> _Extracted records_
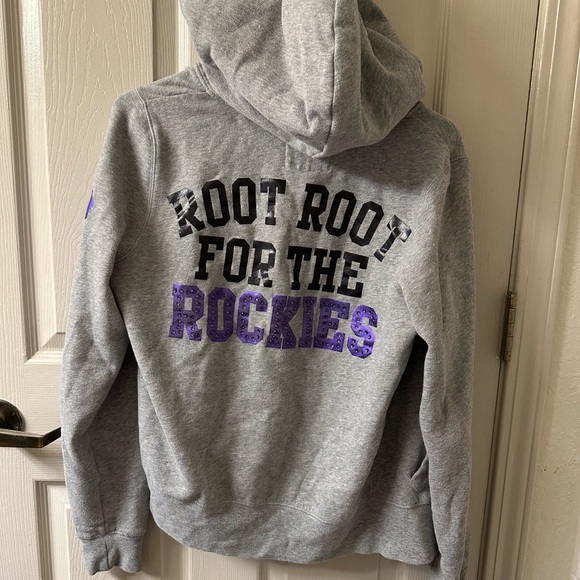 PINK X MLB Colorado Rockies zip up hoodie - Picture 5 of 6
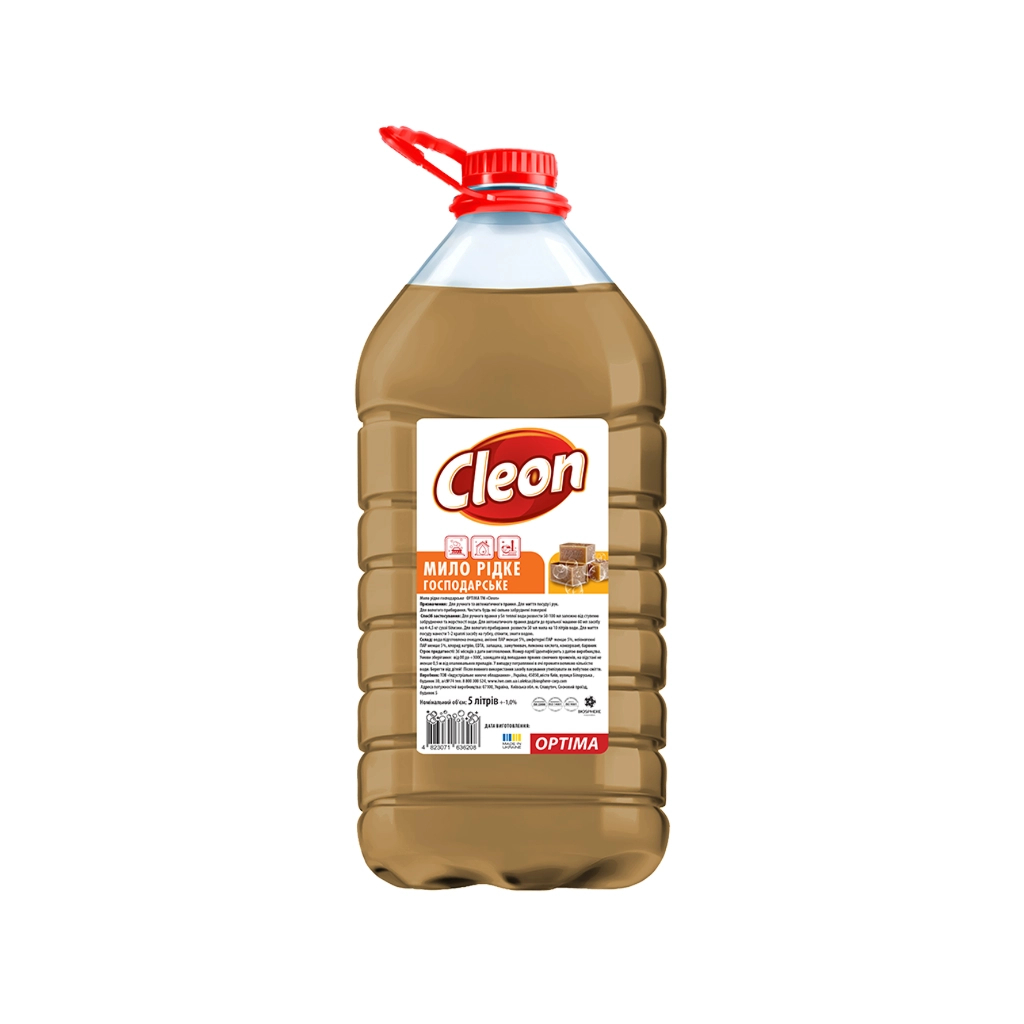 Гель для прання Cleon Господарське рідке мило 5 л (4820289450299)
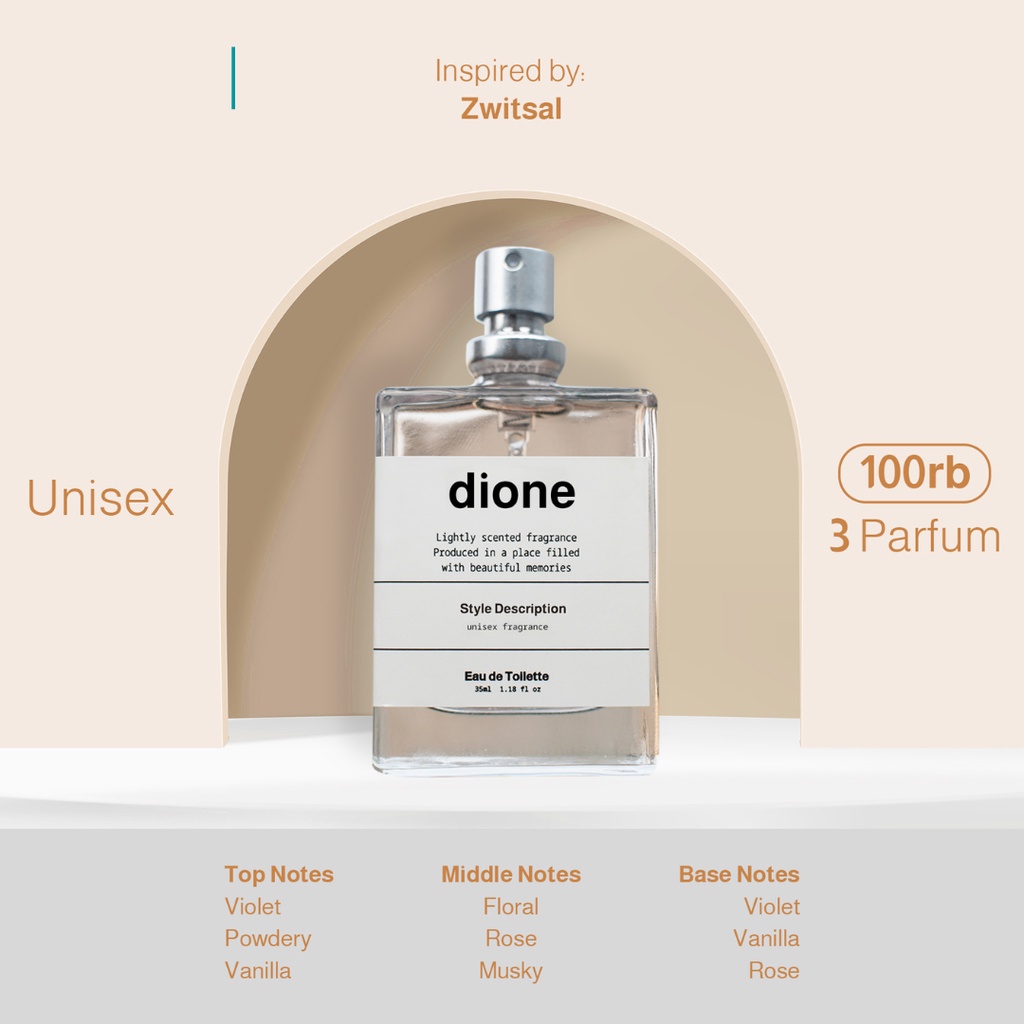 Bjorka DIONE Parfum Unisex Original Terlaris Cewek Cowok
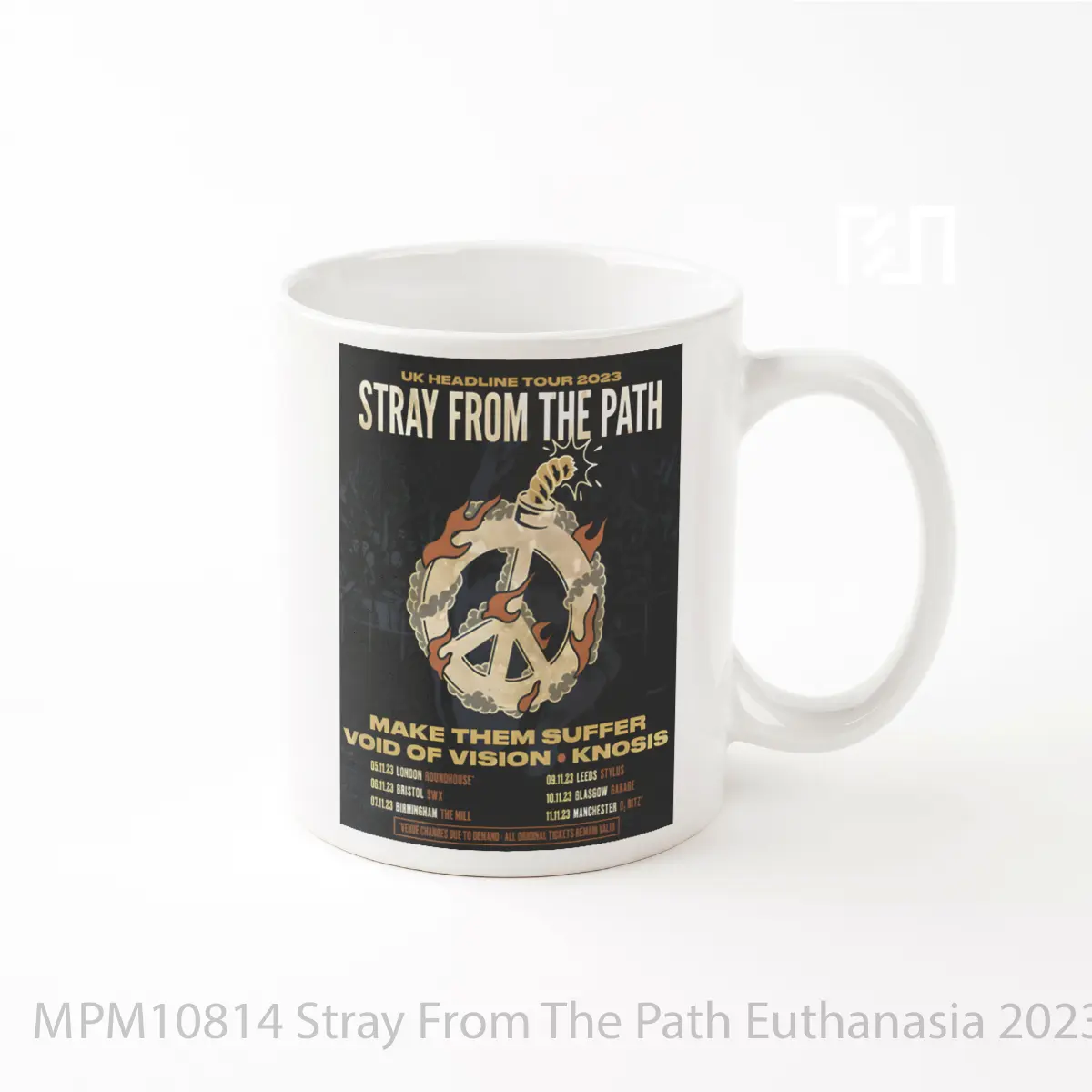 Mug Stray From The Path Euthanasia 2023 Headlining Tou MPM10814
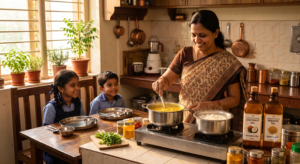 Cold pressed oil for kids healthy Indian cooking for children
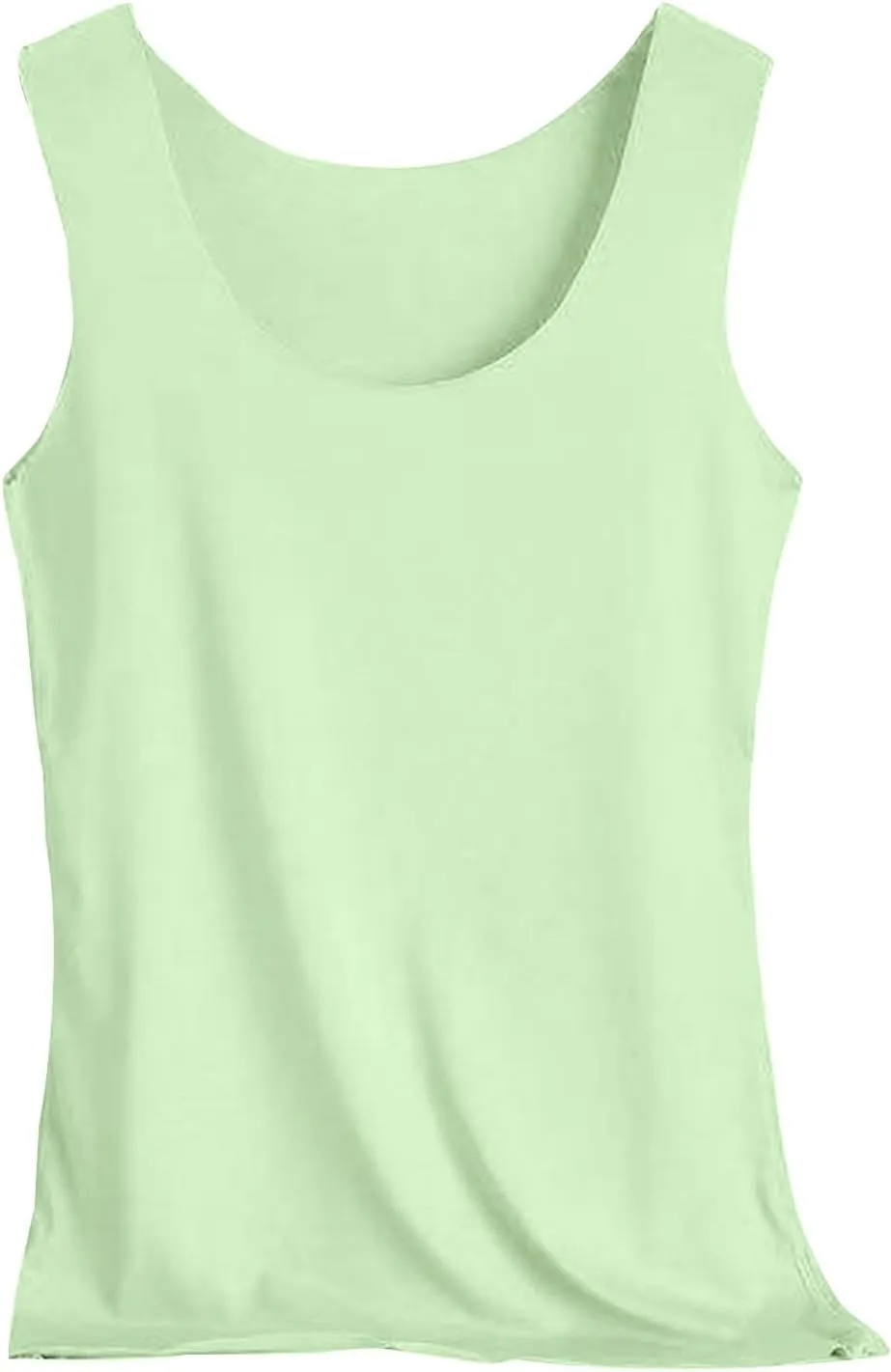 Basic Tank Tops for Women Sleeveless Undershirts 2025 Slim Fitted Crewneck Stretchy Casual Layering Tee Shirt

> _PROMPT_
Please retype the data exactly. The pictures do not go in.

> _REPLY TO THE TASK_
 PINK X MLB Colorado Rockies zip up hoodie - Picture 5 of 6
 Гель для прання Cleon Господарське рідке мило 5 л (4820289450299)
 Bjorka DIONE Parfum Unisex Original Terlaris Cewek Cowok
 Mug Stray From The Path Euthanasia 2023 Headlining Tou MPM10814
 Cold pressed oil for kids healthy Indian cooking for children
 Basic Tank Tops for Women Sleeveless Undershirts 2025 Slim Fitted Crewneck Stretchy Casual Layering Tee Shirt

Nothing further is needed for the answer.